Transcribe, without alteration, the line that includes "The_book_of_giant_stories" and each line after it until the records end, omitting all that precede it.

* **RECORDS FOR THIS EXERCISE**
● ● ●

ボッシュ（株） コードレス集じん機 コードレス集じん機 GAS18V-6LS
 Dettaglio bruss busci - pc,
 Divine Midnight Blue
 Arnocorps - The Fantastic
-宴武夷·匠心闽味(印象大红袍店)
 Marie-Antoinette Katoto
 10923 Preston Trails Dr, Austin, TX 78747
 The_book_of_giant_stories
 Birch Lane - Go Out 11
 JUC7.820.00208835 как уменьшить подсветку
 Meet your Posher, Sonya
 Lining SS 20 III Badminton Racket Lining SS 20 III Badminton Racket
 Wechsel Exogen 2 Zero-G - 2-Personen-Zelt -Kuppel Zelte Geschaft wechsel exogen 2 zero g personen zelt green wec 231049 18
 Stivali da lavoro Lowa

● ● ●

* **SOLVED EXERCISE**
 The_book_of_giant_stories
 Birch Lane - Go Out 11
 JUC7.820.00208835 как уменьшить подсветку
 Meet your Posher, Sonya
 Lining SS 20 III Badminton Racket Lining SS 20 III Badminton Racket
 Wechsel Exogen 2 Zero-G - 2-Personen-Zelt -Kuppel Zelte Geschaft wechsel exogen 2 zero g personen zelt green wec 231049 18
 Stivali da lavoro Lowa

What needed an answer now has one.